Finding Your Thesis Statement & Story

After a few years in a PhD program, working on whatever research project your advisor had funding for, or whatever project seemed interesting or fun at the time, it can be daunting to find a unified story or thesis statement that accurately, concisely, and interestingly summarizes your work. In this post, I will describe how I was able to find a cohesive story that unified the disparate strands of work I’d completed, and helped me focus my thesis proposal into an interesting final project.

Background— My Work So Far

My thesis work began in reinforcement learning, using differentiable decision trees to try to make RL agents more sample-efficient by leveraging human knowledge for warm-starts. Then I developed a method that discretized those differentiable decision trees into discrete trees, making interpretable models that humans could inspect. After that, I took a hard-pivot into language-guided reinforcement learning, and influence-functions as a tool to explain properties of word-embedding models (long story for how those projects came to be). Then, on an internship, I did some really cool and interesting work on personalized federated learning (which I was very proud of and wanted to include), and finally I had recently completed a large-scale user study on human perceptions of explainability. So this was a lot of topics and papers across an absolute smorgasbord of subjects.

Step 1: Group Your Projects

The first and easiest piece of advice I have to offer is to group your projects into meaningful areas. Ignore the in-depth mechanics of your projects and just think about the high level problems, insights, or contributions. Are there natural clusters that emerge? Can you find common themes across some of the papers? Again, you don’t need to find a silver bullet for all of your work, just try to reduce the number of subjects that you need to unify.

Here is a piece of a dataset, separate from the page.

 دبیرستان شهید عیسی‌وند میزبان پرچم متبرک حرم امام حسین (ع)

Step 2: Summarize Your Work

For me, this meant talking to as many people as possible about my work. I would give people a summary of everything I had done, and eventually I got sick of saying the same things over and over. I found ways to take shortcuts or group projects, and eventually found a useful few-sentence summary of my work that conveyed what I most cared about in my completed projects. For me, this was:

“I’ve done a bit of human-in-the-loop RL, trying to integrate human expertise into RL agents to improve their generalization or their sample efficiency, I’ve done some personalization in my time at Apple, and I’ve worked on human-centric interpretability/explainability, both on contributing new methods and on understanding how humans use those methods. For my proposal, I’m planning to bring those all together by learning to personalize explanations of a task-centric agent alongside a human in a user-study.”

Step 3: Re-Examine Your Work

After you have this summary that ties your work into a clean narrative, you may need to revisit your completed projects and re-frame them in this new light. Originally, my differentiable decision tree project was more about sample-efficiency than about the human in the loop. While I kept almost all of my original results, diagrams, experiments, and slides, my script changed to focus more on how this was an interactive learning approach that leveraged human expertise and put the human front-and-center. While this wasn’t exactly the original pitch, it allowed me to present a cleaner and more cohesive overview of my work that wasn’t as jarring for my audience.

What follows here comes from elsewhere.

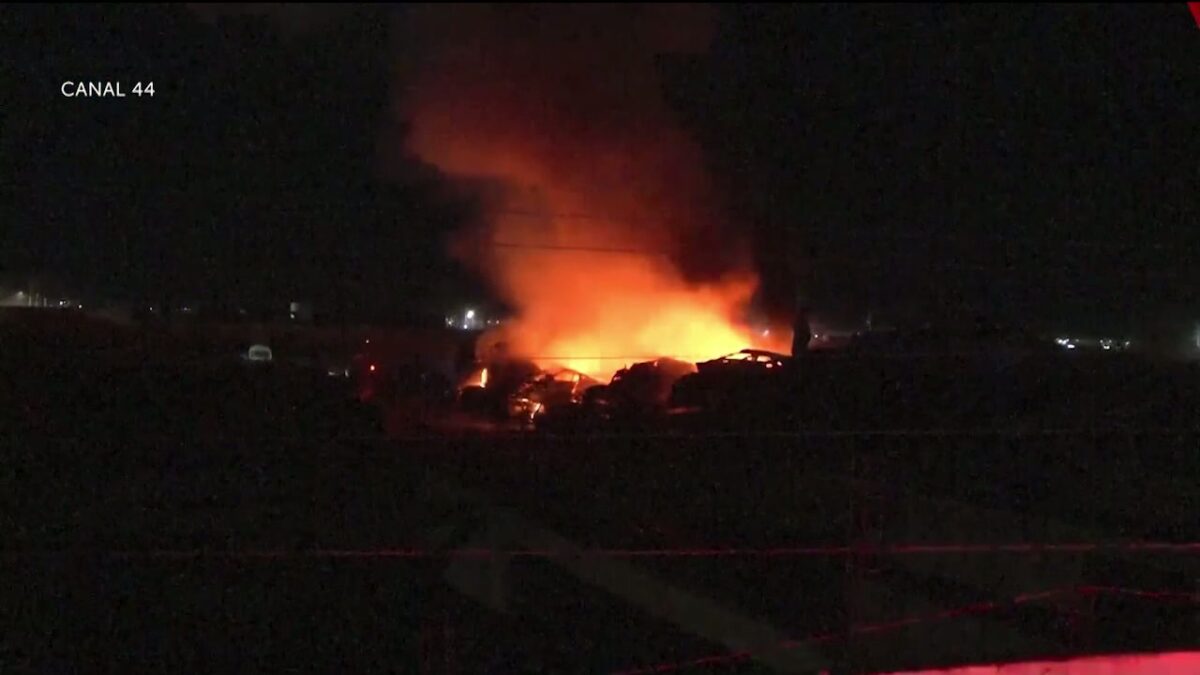 Junkyard fire consumes around 80 vehicles in Juarez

As part of this step, also consider revisiting your proposed project! If you find a clean story that unifies your work, it may also reveal a natural capstone project to bring everything together. Follow that thread and consider how you might complete the narrative with your final project. If you see a natural end-product, your committee likely will do, and they’ll be expecting you to go there.

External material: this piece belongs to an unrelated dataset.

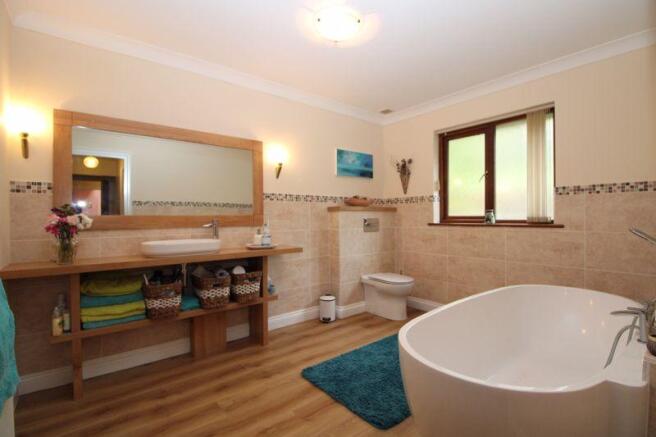 Luxurious fami...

Step 4: Find a Thesis Statement

This is maybe the hardest part, but, as I’ve mentioned previously, it doesn’t need to be a single sentence. So don’t stress too hard. My thesis statement was three parts, one for each body/cluster of work that I had completed. My thesis statement slide read:

Interactive and explainable machine learning yields improved experiences for human users of intelligent systems.

1. Machine learning with human expertise improves task performance as measured by success rates and reward.

2. Personalized machine learning improves task performance for large heterogeneous populations of users.

3. Machine learning with explainability improves human perceptions of intelligent agents and enhances user compliance with agent suggestions.

One overarching “vision” statement, and 3 testable statements that I would prove in my talk.

Conclusion

Finding a story for your work is hard and does not come naturally or easily to many. Give yourself plenty of time, talk to people both in and out of your field, and try to view your work from a new angle. It’s almost always possible to find a satisfying narrative, it just takes work, creativity, and re-framing to see your projects in the right light. Good luck!